Inoltre, in altri locali militari (il Battaglione 13 e una fattoria della Forza Aerea) sono stati ritrovati i resti di altre tre persone: Ubagésner Chaves e Fernando Miranda (entrambi nel 2005) ed Eduardo Bleier (2019).
Sono stati sette i ritrovamenti di resti umani nei vari locali militari; a questi si aggiunge il recupero dei resti di Roberto Gomensoro, nelle acque del lago della diga del Rincón del Bonete, nel marzo 1973. Anni dopo, da documenti resi pubblici da un Tribunale Militare, si seppe con certezza che il cadavere di Gomensoro, morto sotto tortura, era stato gettato nelle acque del lago dall'ufficiale Nino Gavazzo, ora deceduto.

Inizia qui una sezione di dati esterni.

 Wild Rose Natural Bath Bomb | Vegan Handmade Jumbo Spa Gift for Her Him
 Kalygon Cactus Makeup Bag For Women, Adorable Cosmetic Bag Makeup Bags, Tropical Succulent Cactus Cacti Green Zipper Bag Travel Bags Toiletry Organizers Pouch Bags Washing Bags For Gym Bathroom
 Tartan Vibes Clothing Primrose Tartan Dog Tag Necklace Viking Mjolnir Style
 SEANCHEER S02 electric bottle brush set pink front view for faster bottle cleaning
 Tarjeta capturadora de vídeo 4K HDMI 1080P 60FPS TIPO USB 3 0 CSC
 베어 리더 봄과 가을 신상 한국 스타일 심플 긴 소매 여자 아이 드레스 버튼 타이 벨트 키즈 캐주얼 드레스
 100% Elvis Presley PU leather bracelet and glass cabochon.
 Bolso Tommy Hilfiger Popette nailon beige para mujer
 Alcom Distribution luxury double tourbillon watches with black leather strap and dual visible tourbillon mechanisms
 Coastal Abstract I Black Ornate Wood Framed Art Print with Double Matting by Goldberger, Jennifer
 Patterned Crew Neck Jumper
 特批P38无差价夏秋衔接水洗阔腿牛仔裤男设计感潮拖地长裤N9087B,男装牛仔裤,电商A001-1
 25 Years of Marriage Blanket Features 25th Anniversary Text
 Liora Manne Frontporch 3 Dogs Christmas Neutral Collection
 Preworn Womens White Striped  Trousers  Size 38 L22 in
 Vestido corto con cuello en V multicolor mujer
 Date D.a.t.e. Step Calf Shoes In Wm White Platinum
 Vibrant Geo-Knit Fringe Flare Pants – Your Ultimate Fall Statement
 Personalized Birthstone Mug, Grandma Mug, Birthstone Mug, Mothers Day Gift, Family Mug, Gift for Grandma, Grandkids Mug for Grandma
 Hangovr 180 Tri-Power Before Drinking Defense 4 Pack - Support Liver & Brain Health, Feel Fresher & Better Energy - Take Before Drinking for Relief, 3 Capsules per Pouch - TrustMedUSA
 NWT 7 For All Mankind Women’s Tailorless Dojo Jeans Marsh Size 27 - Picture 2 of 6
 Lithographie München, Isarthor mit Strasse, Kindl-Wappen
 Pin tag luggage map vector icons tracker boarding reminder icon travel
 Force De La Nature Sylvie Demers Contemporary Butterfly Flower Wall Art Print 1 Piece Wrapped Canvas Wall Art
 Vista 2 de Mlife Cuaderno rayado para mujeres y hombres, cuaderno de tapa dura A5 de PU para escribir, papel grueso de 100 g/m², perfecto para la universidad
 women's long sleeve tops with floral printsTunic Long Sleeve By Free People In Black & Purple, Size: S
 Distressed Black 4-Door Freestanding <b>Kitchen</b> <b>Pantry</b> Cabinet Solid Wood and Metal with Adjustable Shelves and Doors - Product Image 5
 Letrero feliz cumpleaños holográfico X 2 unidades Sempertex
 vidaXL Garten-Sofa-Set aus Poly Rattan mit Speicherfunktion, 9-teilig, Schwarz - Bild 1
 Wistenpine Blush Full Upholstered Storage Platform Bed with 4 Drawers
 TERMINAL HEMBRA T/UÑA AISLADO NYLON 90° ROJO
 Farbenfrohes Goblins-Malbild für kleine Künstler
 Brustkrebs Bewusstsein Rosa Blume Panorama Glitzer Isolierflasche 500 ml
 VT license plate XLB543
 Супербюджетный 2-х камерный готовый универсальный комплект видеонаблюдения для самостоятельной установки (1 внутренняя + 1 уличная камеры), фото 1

Quindi in tutto, ad oggi, sono otto le persone identificate i cui resti sono stati recuperati e affidati ai loro famigliari.
Un magro bilancio, considerando che in Uruguay risultano 174 detenuti desaparecidos, almeno è questa la cifra ufficiale, secondo gli iscritti nel Memoriale. Resterebbero quindi altri 167 compagni da ritrovare, facendo un calcolo approssimativo.
Questo è ciò che stiamo facendo, senza farci intimidire dai terroristi di Stato che spiano ancora come avvoltoi, attaccando impunemente la democrazia.